Abstract: my thesis focussed on Lycophron’s Alexandra. This Hellenistic poem is famous for the obscurities of its language and of its mythological subject-matter and not least because of the mysterious identity of the author. My research is based on the assumption that in the poem each detail is a piece of a puzzle, where only the sum of its parts conveys the full meaning of it. By avoiding looking at the poem from a specific angle, my approach shows that heterogeneous elements of the poem, traditionally belonging to different fields of study (literary, historical, archaeological) are in reality markedly interconnected. Thus different aspects of the poem suggest that Alexandra shows a special interest in Greek female status.


'The cultic dimension in Lycophron's rewriting of myth: the case of Iphigeneia', forthcoming in Poetic Language and Religion in Greece and Rome (Universidad de Santiago de Compostela, Spain, 31 May-1 June 2012), Cambridge Scholars Publishing.

La Battaglia delle Epipole (Tucidide VII 44, 1-7)’, Hesperìa 22 (2008): 91-101.

‘In search of an iconographical confirmation for the ritual of the Daunian virgins (Al. 1126-1140)’, in Lycophron et les images  (table ronde Paris INHA, 17 décembre 2009, ANR CAIM - UMR 7041 équipe ESPRI) ed. by É. Prioux, Cl. Pouzadoux:  forthcoming in Aitia (Regards sur la culture hellénistique au xxi siècle) 3 (2013).

Per un catalogo di iscrizioni latine archaiche, Padova 2004 (200 pp.)


‘Lycophron, Alexandra, Texte établi, traduit, présenté at annoté par Cédric Chauvin et Christophe Cusset, Paris 2008’, Revue de philologie, de littérature et d'histoire anciennes 81 (2007) vol. 2: 383-385.
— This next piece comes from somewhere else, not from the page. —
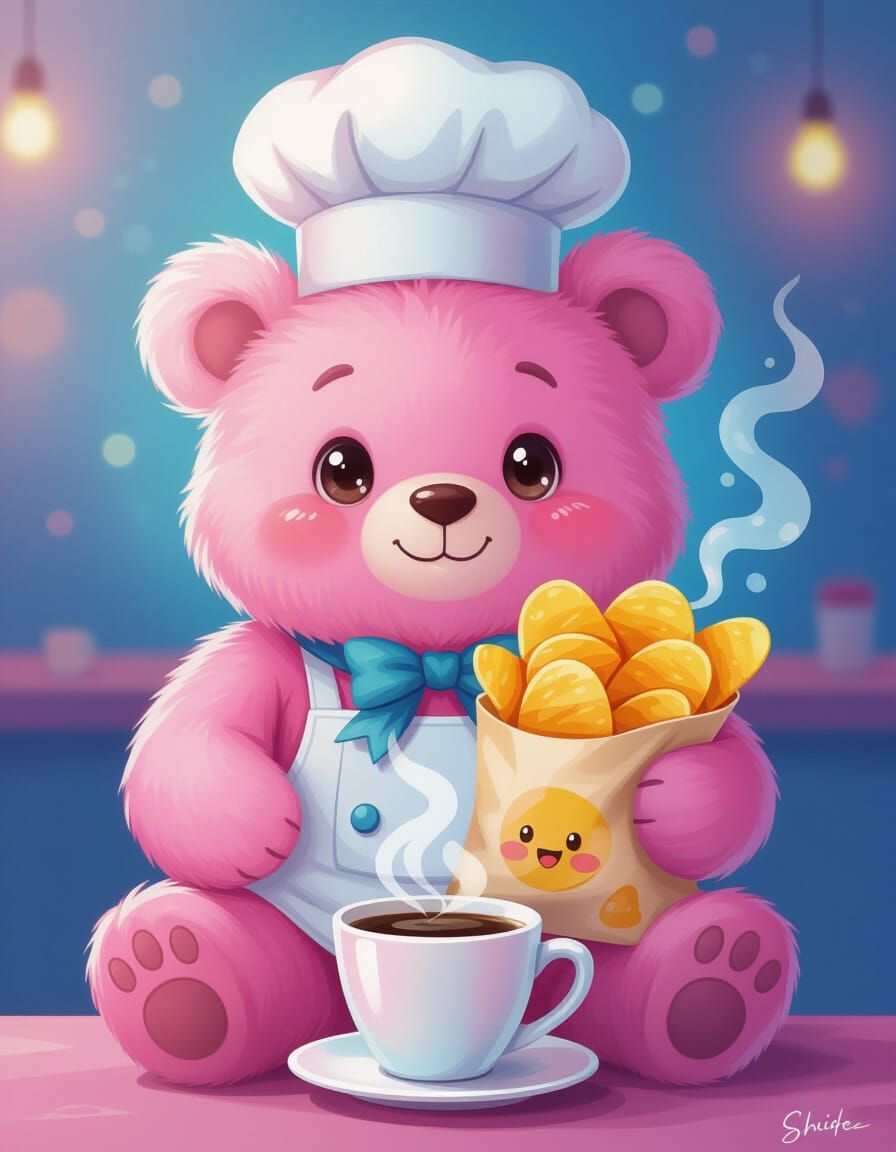 Kawaii Pink Bear Chef with Chips and Coffee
Pache, C. O., A Moment's Ornament (Oxford 2011), forthcoming in
Classical Review 63, March (2013)

Kleanthis Mantzouranis

Research interests: Homer and lyric poetry; historiography; Aristotle's
ethical and political philosophy.

Thesis Title: Wealth, Honour and Traditional Morality in Aristotle

Studies: I graduated from the University of Athens (B.A. in Classical Philology, 2001), and then I moved to the University of Ioannina (2002-2004), where I obtained a MA in Classics.
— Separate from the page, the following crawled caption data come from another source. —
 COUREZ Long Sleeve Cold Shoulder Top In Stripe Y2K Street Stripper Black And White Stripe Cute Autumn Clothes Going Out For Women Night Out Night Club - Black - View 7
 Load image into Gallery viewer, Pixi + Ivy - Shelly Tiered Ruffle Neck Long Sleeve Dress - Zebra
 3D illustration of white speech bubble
Thesis abstract: My PhD thesis focuses on the concepts of wealth and honour, two of Aristotle's 'external goods', and investigates in a systematic manner Aristotle's methodology in ethics, namely his practice of examining ta endoxa (the reputable views and the views of 'the wise') on the subject under discussion. I examine the extent to which traditional and contemporary beliefs about wealth and honour contributed to the formulation of Aristotle's discussion of the two concepts, and the philosopher's own response to such beliefs. Drawing on evidence from the poets of the archaic age (most notably Solon, Pindar, Theognis, Hesiod, and Homer), as well as fifth-century historians and fourth-century orators, I present Aristotle's discussions of wealth and honour and their relevant virtues as part of a long-standing debate in Greek ethical thinking. My examination of Aristotle's views in the light of pre- Aristotelian literature illuminates the philosopher's conscious attempt to preserve traditional ethical norms, while at the same time reformulating them by giving special priority to moral goodness and proper moral motivation.

Stella Papastamati

Research Interests: Epic, Lyric Poetry, Drama

Thesis title: Gamos in archaic and classical Greek poetry: theme ritual, metaphor

Thesis Abstract: My thesis investigates the rich, embedded role of marriage in archaic and classical Greek poetry.  In particular it examines the literal presence of marriage as a plot component as well as the imaginative use which poets make of this motif, whether literal or metaphorical. In this framework it looks at the ways in which marriage in its different forms contributes to the thematic concerns and  purposes of the poetic genre in which it is employed, and aims at extracting a more nuanced picture of the ways in which marriage is exploited. The texts examined include Homer, Pindar, Aeschylus, Sophocles, Euripides, Aristophanes and Menander.

Brief Biography: I hold a BA from the University of Thessaloniki, and an MA from King's College London.